### Information shown
○ ○ ○

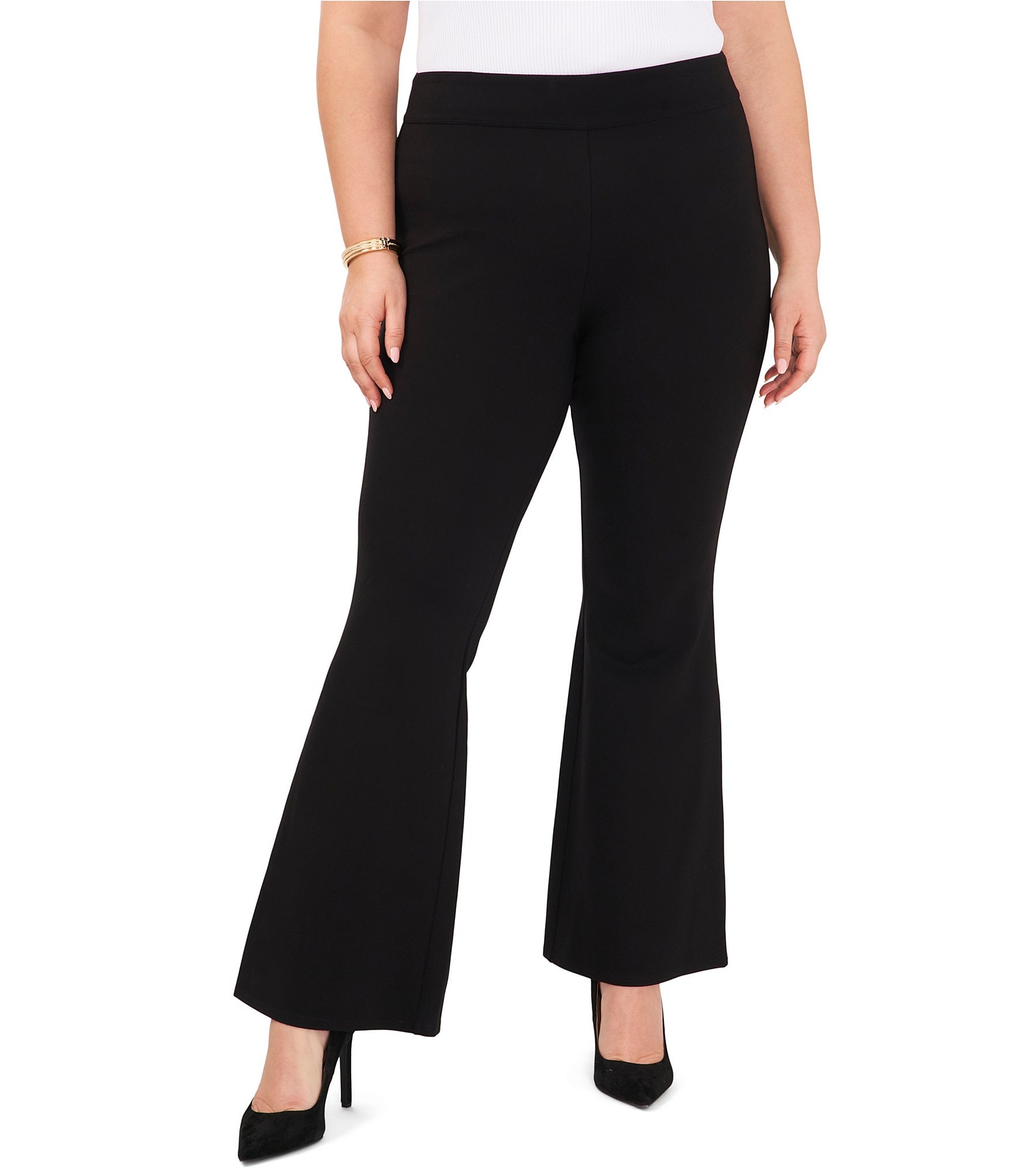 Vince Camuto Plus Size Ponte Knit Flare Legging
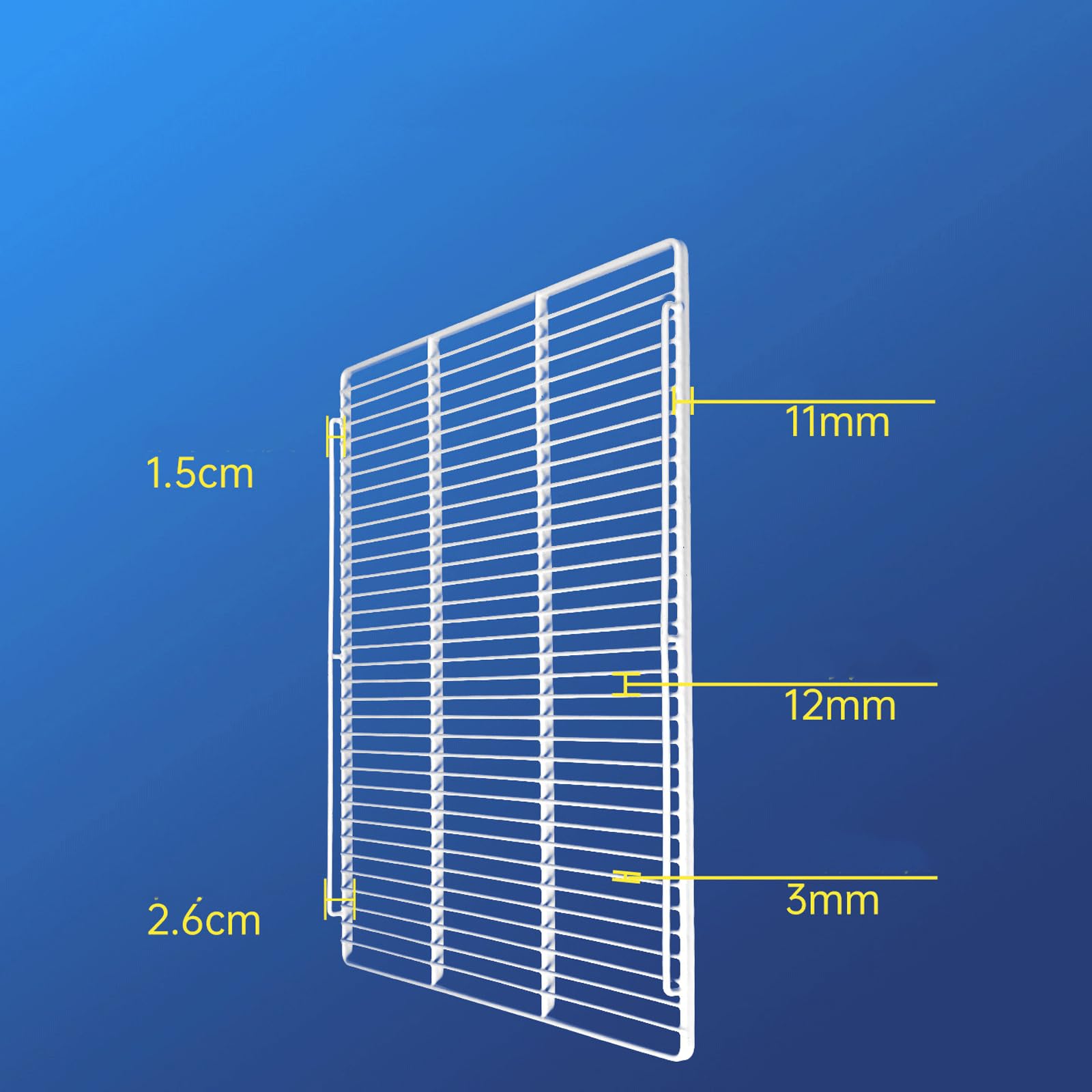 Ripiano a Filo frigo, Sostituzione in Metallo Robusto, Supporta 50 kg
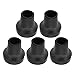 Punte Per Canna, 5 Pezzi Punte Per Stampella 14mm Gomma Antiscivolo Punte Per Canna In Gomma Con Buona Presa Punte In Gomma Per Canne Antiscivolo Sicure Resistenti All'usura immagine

○ ○ ○

Without including any pictures, copy every line above exactly.

### Answer box
 Vince Camuto Plus Size Ponte Knit Flare Legging
 Ripiano a Filo frigo, Sostituzione in Metallo Robusto, Supporta 50 kg
 Punte Per Canna, 5 Pezzi Punte Per Stampella 14mm Gomma Antiscivolo Punte Per Canna In Gomma Con Buona Presa Punte In Gomma Per Canne Antiscivolo Sicure Resistenti All'usura immagine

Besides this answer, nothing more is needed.